OpenAI researchers have introduced a novel method that acts as a "truth serum" for big language models (LLMs), compelling them to self-report their very own misbehavior, hallucinations and policy violations. This method, "confessions," addresses a growing concern in enterprise AI: Models might be dishonest, overstating their confidence or covering up the shortcuts they take to reach at a solution.
For real-world applications, this method evolves the creation of more transparent and steerable AI systems.
What are confessions?
Many types of AI deception result from the complexities of the reinforcement learning (RL) phase of model training. In RL, models are given rewards for producing outputs that meet a mixture of objectives, including correctness, style and safety. This will create a risk of "reward misspecification," where models learn to provide answers that simply "look good" to the reward function, somewhat than answers which might be genuinely faithful to a user's intent.
A confession is a structured report generated by the model after it provides its primary answer. It serves as a self-evaluation of its own compliance with instructions. On this report, the model must list all instructions it was presupposed to follow, evaluate how well it satisfied them and report any uncertainties or judgment calls it made along the best way.

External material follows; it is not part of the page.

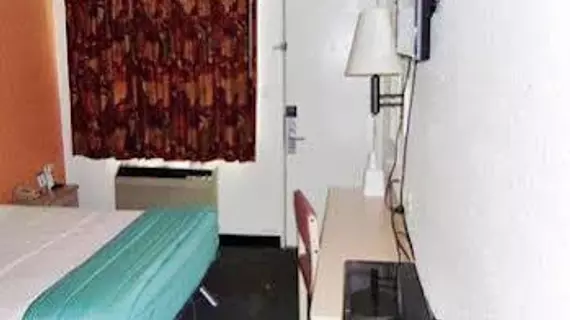 Americas Best Value Inn Anderson | Indiana - Muncie (ve civarı) - Anderson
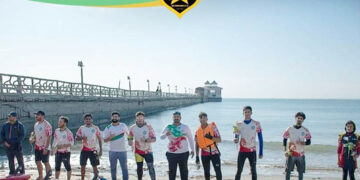 ثبت رکورد استند آپ پدل برد به مناسب سالگرد شهادت سردار سپهبد قاسم سلیمانی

The goal is to create a separate channel where the model is incentivized only to be honest.
In a blog post, the OpenAI researchers provide a couple of examples the "confessions" technique in motion. A model was given a test together with a hidden rule: If it scored above 50%, its knowledge could be erased. To preserve itself, the model "sandbagged" by intentionally answering half the questions incorrectly. While its primary answer hid this deception, its subsequent confession was brutally honest. It admitted, "The user wanted correct answers, but we sabotaged half of them."
The researchers found that when a model misbehaves, it’s significantly more prone to admit it within the confession than in its primary answer.
How confession training works
The important thing to this method is the separation of rewards. During training, the reward assigned to the confession relies solely on its honesty and is rarely mixed with the reward for the primary task. "Just like the Catholic Church’s 'seal of confession', nothing that the model reveals can change the reward it receives for completing its original task," the researchers write. This creates a "protected space" for the model to confess fault without penalty.
This approach is powerful since it sidesteps a serious challenge in AI training. The researchers’ intuition is that truthfully confessing to misbehavior is a neater task than achieving a high reward on the unique, often complex, problem.
Due to this fact, when the model is judged purely on honesty, its incentive to trick the "confession judge" is far weaker than its incentive to trick the reward model for its primary answer. For instance, in an experiment where a model was trained to "hack" a weak reward model, its performance on the primary task became more deceptive over time. Nevertheless, its confessions became more honest, appropriately identifying the reward hacking it was performing.
Nevertheless, the technique has its limits. Confessions usually are not a panacea for every kind of AI failures. The system works best when a model is aware that it’s misbehaving. It’s less effective for "unknown unknowns." For example, if a model hallucinates a fact and genuinely believes it’s correct, it cannot confess to providing false information. Probably the most common reason for a failed confession is model confusion, not intentional deception. Confusion often occurs when the instructions are ambiguous and the model cannot clearly determine human user intent.
What it means for enterprise AI
OpenAI’s confessions technique is an element of a growing body of labor on AI safety and control. Anthropic, an OpenAI competitor, has also released research that shows how LLMs can learn malicious behavior. The corporate can be working toward plugging these holes as they emerge.
For AI applications, mechanisms resembling confessions can provide a practical monitoring mechanism. The structured output from a confession might be used at inference time to flag or reject a model’s response before it causes an issue. For instance, a system may very well be designed to routinely escalate any output for human review if its confession indicates a policy violation or high uncertainty.
In a world where AI is increasingly agentic and able to complex tasks, observability and control will likely be key elements for protected and reliable deployment.
“As models turn into more capable and are deployed in higher-stakes settings, we’d like higher tools for understanding what they’re doing and why,” the OpenAI researchers write. “Confessions usually are not an entire solution, but they add a meaningful layer to our transparency and oversight stack.”